1.
Home is where the heart is
Said the scarecrow to the crow
Home is where the heart is
And that’s all I really know.
This field is mine for all this day
I’ve watched the kids who’ve come to play
I love it here and want to stay
But Farmer Joe is not the kind of bloke
Who listens to what scarecrows say.
Today I’m in this field of wheat
And I can see, just past the street,
The cliff top edge.
And farther still, beyond the hill,
I can see old Portland Bill.
On nights like this when I cannot sleep
He winks at me in a code not Morse.
I rack my brains and beat my chest
And give the task more than my best.
I don’t have much time, you see
‘Cause come the dawn
His light goes out
And I can no longer see
What he might be telling me.
With light so bright he must be wise
His meaning clear to one who tries.
But I’m so dumb I cannot see
What he surely must be telling me.
This night might well be my last
Chance to crack the code
Cos come the dawn
I might be back to that fieldd of corn
Where the lights I see
Never seem to wink at me.
Where the children never come to play
And I cannot even see the sea.
2
You moan all night and you moan all day.
You don’t even listen when I squawk at you.
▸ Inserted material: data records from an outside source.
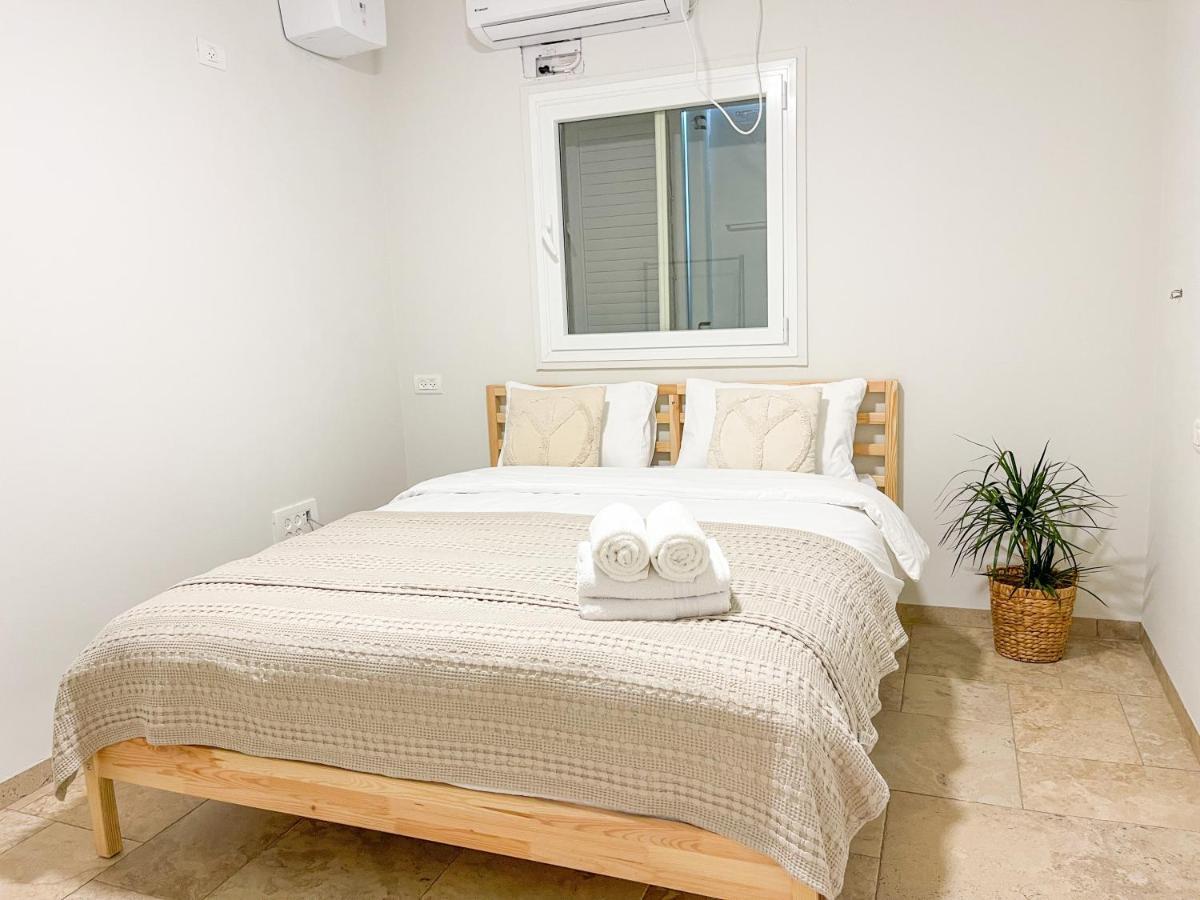הבית הלבן בכפר בלום Kfar Blum Exterior foto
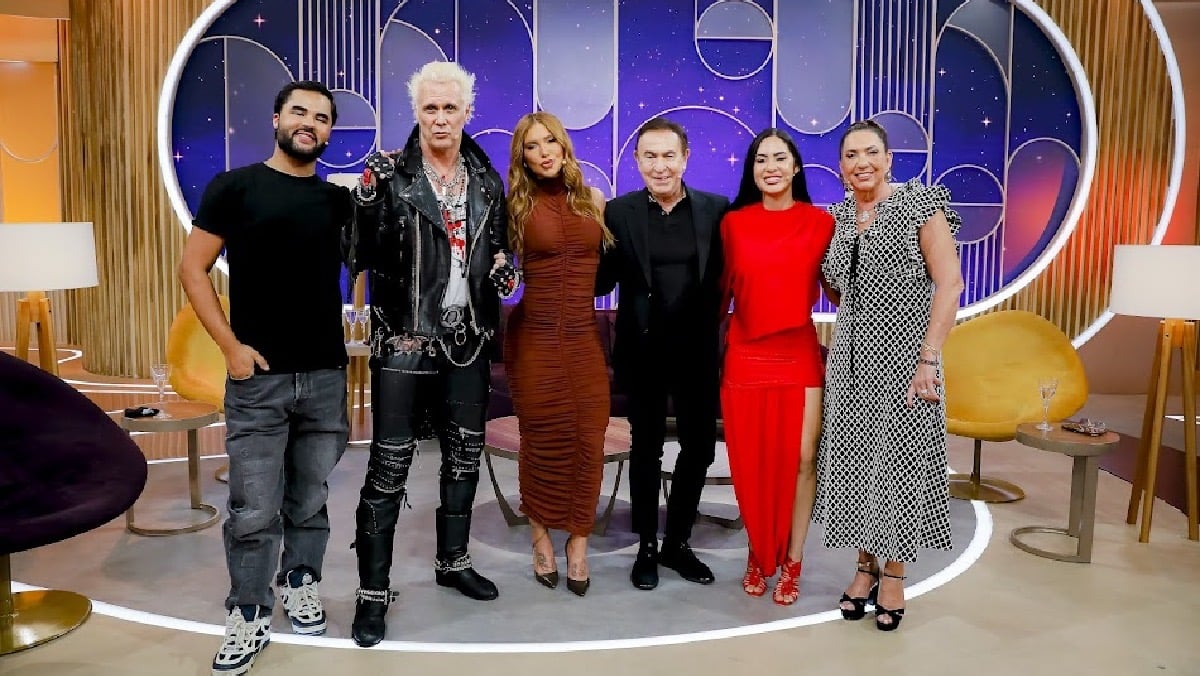 http://tvfoco.uai.com.br/wp-content/uploads/2015/05/Daniela-Mercury.jpg
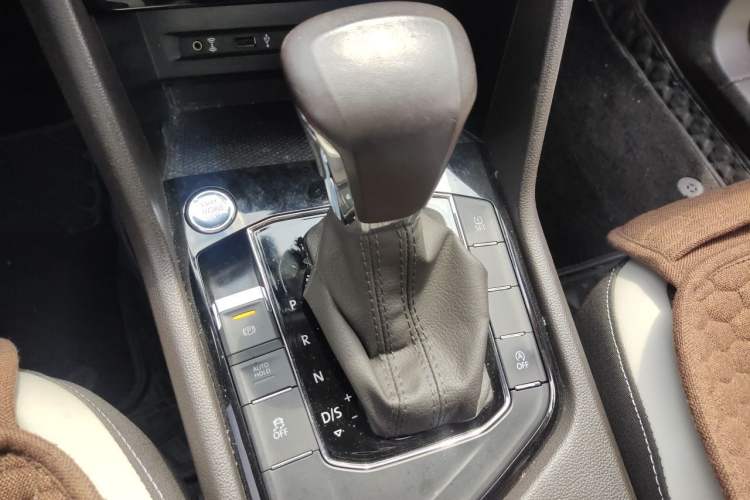 Used Volkswagen Tiguan L 2017 380TSI Automatic All-Wheel-Drive Luxury Edition Gear Lever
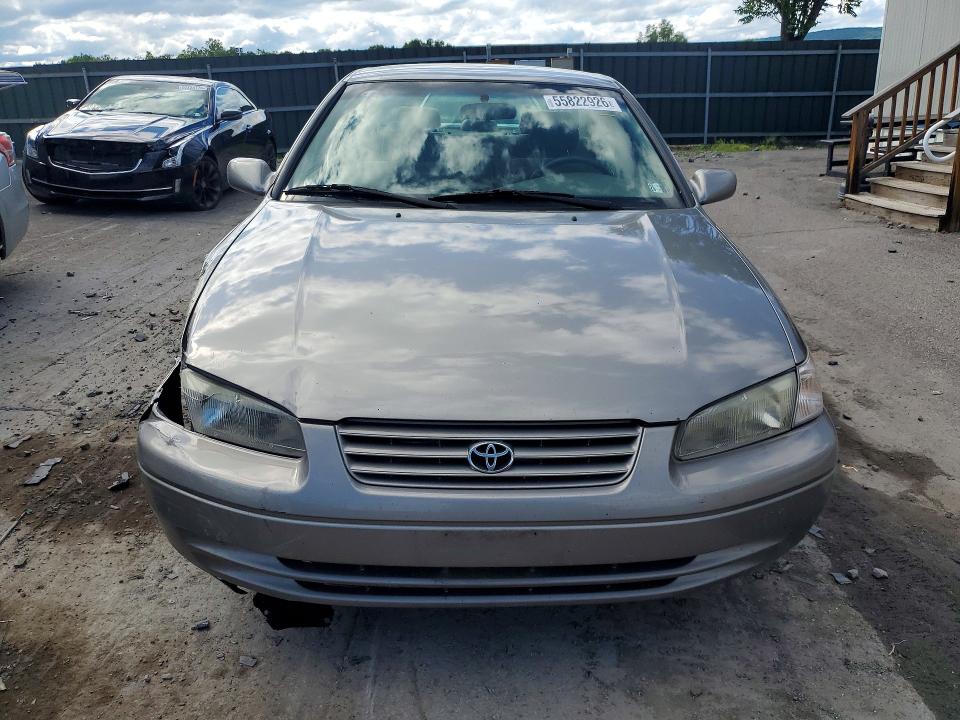 55822926 :رقم المزاد ، 4T1BG22K2XU467434 vin ، 1999 Toyota Camry مزاد بيع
You see the sea but you don’t hear it roar
As it beats upon the shore.
And erodes the cliff beneath your feet
When you are in that field of wheat.
You envy me as I fly around
While you are stuck upon the ground.
You can see I love to roam
And do not pine for a place called home.
When I was young
I loved the nest
But now I know it was for the best
When I was thrown out into the sky.
I did not know that I could fly
Until I had to fly or die.
You moan your lot but it’s all you’ve got
You cannot be what you are not.
So the farmer pushes you around
Shifting your spot upon the ground.
What’s wrong with that you bunch of twigs?
Us crows have much more to fear.
Cos if Joe decides you no longer scare
He’ll get his gun and shoot us down.
So rattle your cans for all you’re worth
Be the best scarecrow on all the earth.
Home is where the heart is
And that is all I know
And that’s why it does not matter
To which field you have to go.
(I wrote this poem on a night I could not sleep because I was trying to compose an article about the extraordinary scenes as depositors withdrew eight billion pounds from the Northern Rock Building Society. I wanted to attack the over dependence of the British economy on ever rising house prices. It is not only Northern Rock who fuels this boom. The giant in the housing market, the Bank of Scotland, which owns the Halifax Building Society as well as many other companies, is just as guilty of encouraging people to take mortgages beyond their means, in order that they can buy the house of their dreams.
While I was thinking about what the angle should be I was aware of the paradox that I had spent much of the past year in buying the house of my dreams. And I was enjoying it hugely and felt very reluctant to go back to London the next day. When I read the poem as the dawn broke, it did not seem quite right so I stuffed it into a drawer.
Tonight I could not sleep. I was thinking that because of all the time I have been spending trying to make the Dorset house into my version of the Ideal Home I have not written about the current state of British politics. I had planned a long time ago to go the Trade Union Congress in Brigthton and the Labour Party Conference in Bournemouth, both an easy trip for me. The Sunday newspapers were full of the seemingly hopeless task faced by David Cameron as he travels up to Blackpool for the Conservative Conference. Cameron is not only being trounced in the opinion polls he is being deserted by many of the party faithful. Margaret Thatcher has spent two hours in Downing Street having a heart to heart chat with Gordon Brown and Norman Tebbitt, who bonded on that night in 1984 when the IRA bomb rocked the Grand Hotel in Brighton, where Thatcher and Tebbit were staying.
The bomb went off at 2.59 AM when, as Thatcher told the nation the following morning, ‘Denis was asleep but I was working on one more government paper.’ If Thatcher could manage on four hour’s sleep a night what was I doing lying in bed trying to get to sleep?
Surely I am not such a wimp? So I jumped out of bed and ran down stairs seeing the arch showman of another Blackpool conference, Quinton Hogg, ringing a school bell and proclaiming,
‘Do not ask for whom the bell tolls
It tolls for thee.’
By the time I had made a cup of tea, I still had no clear idea as to what message I was going to deliver to David Cameron. So I opened my drawer and re-read the poem. It did not seem so bad, and I saw a way of making it a bit better by modifying one stanza, and cutting out two other stanzas.
If I have time later today after struggling once more to get the kitchen cabinet up I may write a serious political blog.)